Edit: Now I'm going for "dumb question" broke so forgive me: It doesn't have anything to do with centripetal acceleration caused by the curved path, does it?

Last edited: Jul 11, 2013
2. Jul 11, 2013

### A.T.

You don't "feel" anything in free fall, unless there are extreme tidal forces.
Geodesics don't "curve", they are locally straight. It's only globally that the seem to change direction.
You do maintain a constant velocity, in a local inertial frame.
It's only coordinate acceleration (see my previous post). It's a result of the choice of an non-inertial reference frame.

3. Jul 11, 2013

### soothsayer

4. Jul 11, 2013

### DiracPool

I don't see how these two threads are related at all, except perhaps superficially. The thread you posted deals strictly with the relationship between mass and curved space, not why curved space-time causes acceleration.

5. Jul 11, 2013

### soothsayer

If you read past the first page or so, you'll see that a lot of the OP's underlying questions were about how gravity could cause acceleration if it wasn't a "force". We spent a lot of time trying to explain it. If I were to respond to the OP in this thread, I would really just be regurgitating the things I wrote in the thread I just linked.

6. Jul 11, 2013

### DiracPool

Hmmm, perhaps I'm mistaken, it looks as though that thread has evolved significantly since my participation in it. Maybe I can learn something from it

7. Jul 11, 2013

### pervect

Staff Emeritus
Let's go into some detail as to how you might "feel" the curved space-time develop. If you're by yourself, and you're reasonably small, you probably won't feel a thing, as others have pointed out.

But suppose you have a friend, following a parallel course.

Both of you are cruising along following geodesics. Then you hit a curved patch of space-time (or, as we more usually say, pass close to a massive body).

You'll notice that your friends course starts to diverge from yours. Rather than maintaining a constant distance, he'll start to accelerate away from you. If you have several friends, you'll notice that the rate of acceleration is proportional to the distance.

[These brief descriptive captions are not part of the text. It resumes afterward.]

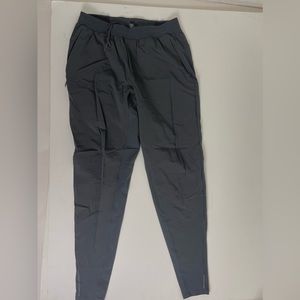 Men’s lululemon joggers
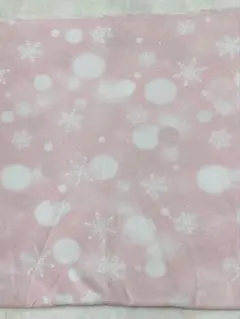 ココメール　ニット生地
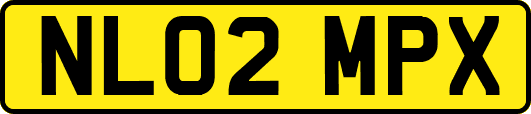 NL02MPX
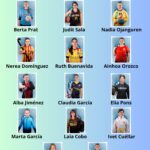 TRIPTIC PREMIS DE L’ESPORT 2023_page-0004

This relative acceleration, between you and your friend (or friends) is called geodesic deviation, and the magnitude of it can be expressed by the geodesic deviation equation

$\frac{D^2 x^a}{D t^2}= R^a{}_{bcd} u^b x^c u^d$

where x is the separation vector between you and your neighbor, and u^b and u^d are unit time like vectors for you and your neighbor.

R is a rank 4 tensor, and it turns out to be the famous Riemann tensor, that describes space-time curvature.

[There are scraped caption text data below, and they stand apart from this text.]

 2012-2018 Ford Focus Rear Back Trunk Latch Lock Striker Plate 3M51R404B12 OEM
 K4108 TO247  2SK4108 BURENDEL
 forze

You can look in wiki and other sources for more details under this name.

But the basic idea is just that your measured acceleration (geodesic deviation) is proportioal to one particular component of space-time curvature multiplied by distance between you and your friend. And the distance goes up quadratically with time (or bi-linearly with time, when you consider time as being the product of your time and your friends time).

8. Jul 12, 2013

### pervect

Staff Emeritus
I should add a bit to my previous post. Geodesic deviation is how GR explains the acceleration between you and your friend in a nearby rocket. It's entirely based on curvature. You can imagine two great circles on a sphere (the Earth, for instance, if you ignore it's bulge) and, because great circles on a sphere are geodesics, apply a 2-space + 1-time version of the geodesic deviation equation to calculate said relative acceleration.

In a Newtonian context, though, you'd explain the relative acceleration between you and your friend by tidal forces.

There is a very close relation between the two - in fact you can usually think of the Riemann as being a "bigger" version of the Newtonian tidal force tensor. It is a good general approach, that you'll find in textbooks such as MTW's "Gravitation", there's a few specific situations where you can get into trouble though.